Jakarta, Aktual.co — Aneka barang hasil kerja kreatif terbuat dari daun meramaikan Festival Hijau di Kabupaten Waykanan Provinsi Lampung yang diselenggarakan Forum Komunitas Hijau bekerja sama dengan pemerintah kabupaten setempat.
Festival Hijau yang digelar di Lapangan Sriwijaya Baradatu, Waykanan, Jumat (7/11), ditampilkan produk kreativitas pelajar, antara lain topi, pakaian hingga reog yang dibuat dari beragam jenis daun, seperti daun nangka, pisang, jati, kelapa hingga daun kunyit.
“Pas dan seru, saya tidak malu mengenakan pakaian terbuat dari daun,” ujar Elpin, pengajar SDN Tiuh Balakpasar Baradatu.
Dalam kegiatan ini, komunitas sepeda ontel juga tampil dengan mengenakan pakaian veteran.
“Terima kasih sudah berpartisipasi membuat bumi ijo royo-royo. Ramaikan kegiatan ini dengan bersuka cita,” ujar Bupati Waykanan Bustami Zainudin dalam festival yang dihadiri sekitar 5.000 orang pelajar, guru, PNS dan masyarakat umum itu pula.
Peserta kegiatan ini, menurut M Thohir, Ketua Forum Komunitas Hijau Waykanan, antara lain komunitas sepeda dari sejumlah sekolah dan utusan 14 kecamatan se-Kabupaten Waykanan.
“Kemudian karnaval ceria perwakilan dari seluruh SD dan SMP sederajat di Baradatu dan sekitarnya,” kata Thohir lagi.
Para pelajar antusias menabuh kentongan, drumband dan alat musik yang terbuat dari beragam kaleng bekas.
Pendidikan Lingkungan Festival Hijau Waykanan yang melibatkan kalangan pelajar itu, mendapatkan apresiasi dari berbagai pihak.
“Pendidikan lingkungan bagi pelajar di sekolah itu penting dan sangat diperlukan untuk mengenalkan sejak dini tentang pelestarian lingkungan hidup,” ungkap Konsultan Kementerian Pekerjaan Umum (Kemen PU) Firmansyam.

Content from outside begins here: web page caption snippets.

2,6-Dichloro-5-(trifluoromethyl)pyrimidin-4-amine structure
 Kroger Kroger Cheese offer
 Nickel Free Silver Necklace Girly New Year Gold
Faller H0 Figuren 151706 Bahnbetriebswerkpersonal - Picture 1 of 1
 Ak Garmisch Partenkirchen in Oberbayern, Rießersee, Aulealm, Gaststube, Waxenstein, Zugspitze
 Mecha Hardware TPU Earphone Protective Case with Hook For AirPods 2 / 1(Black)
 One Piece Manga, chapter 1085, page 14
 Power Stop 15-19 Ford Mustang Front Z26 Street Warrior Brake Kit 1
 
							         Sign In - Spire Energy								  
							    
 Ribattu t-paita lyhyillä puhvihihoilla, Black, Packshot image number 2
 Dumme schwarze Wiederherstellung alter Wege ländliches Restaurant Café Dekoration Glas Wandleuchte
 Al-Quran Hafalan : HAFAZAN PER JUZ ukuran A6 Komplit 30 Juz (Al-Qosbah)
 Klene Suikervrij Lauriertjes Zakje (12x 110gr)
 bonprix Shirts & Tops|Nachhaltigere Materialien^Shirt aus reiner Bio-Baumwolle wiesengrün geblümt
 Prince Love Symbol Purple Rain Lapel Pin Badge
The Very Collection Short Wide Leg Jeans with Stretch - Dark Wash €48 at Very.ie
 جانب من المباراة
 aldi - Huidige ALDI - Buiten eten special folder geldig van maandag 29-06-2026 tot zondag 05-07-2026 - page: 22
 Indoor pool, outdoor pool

“Pendidikan lingkungan dan etika itu penting diberikan kepada pelajar maupun generasi muda, sehingga dapat berperilaku yang baik sehari-hari, seperti tidak membuang sampah sembarangan yang juga menunjukkan perilaku kurang bermoral,” kata Firmansyam pula.
Pendidikan dan pemahaman pelajar akan lingkungan hidup, demikian Firmansyam, akan lebih baik jika sejak dini disampaikan.
“Mereka harus tahu betul itu, pendidikan lingkungan hidup merupakan program keberlanjutan yang berorientasi ke depan. Saat sudah dewasa, alam bawah sadarnya tidak di situ. Harus ada kesadaran sampah menjadi sahabat kita, dan tumbuhan memberikan sumbangan tanpa pamrih,” sambungnya.
Pelajar harus menyadari perlu hemat listrik, kata Firmansyam lagi. Lampu yang menyala percuma, katanya pula, berarti menghambur-hamburkan biaya.
“Ketika listrik dipakai, ada sumber daya lain digunakan, yaitu sumber daya alam,” katanya.
Kegiatan Festival Hijau yang digelar Forum Komunitas Hijau (FKH) Waykanan di Lapangan Sriwijaya Baradatu, menurut Firmansyam merupakan bagian dari Program Pengembangan Kota Hijau (P2KH).
“Intinya, sebuah kota harus mengembangkan konsep hijau, antara lain ada komunitas hijau. Kegiatan ini juga untuk menyadarkan masyarakat perlu kota hijau, orang tidak membuang sampah sembarang, dan peran komunitas sangat besar, tidak mungkin tidak hanya menjadi tugas pemerintah saja,” terang Firmansyam lagi.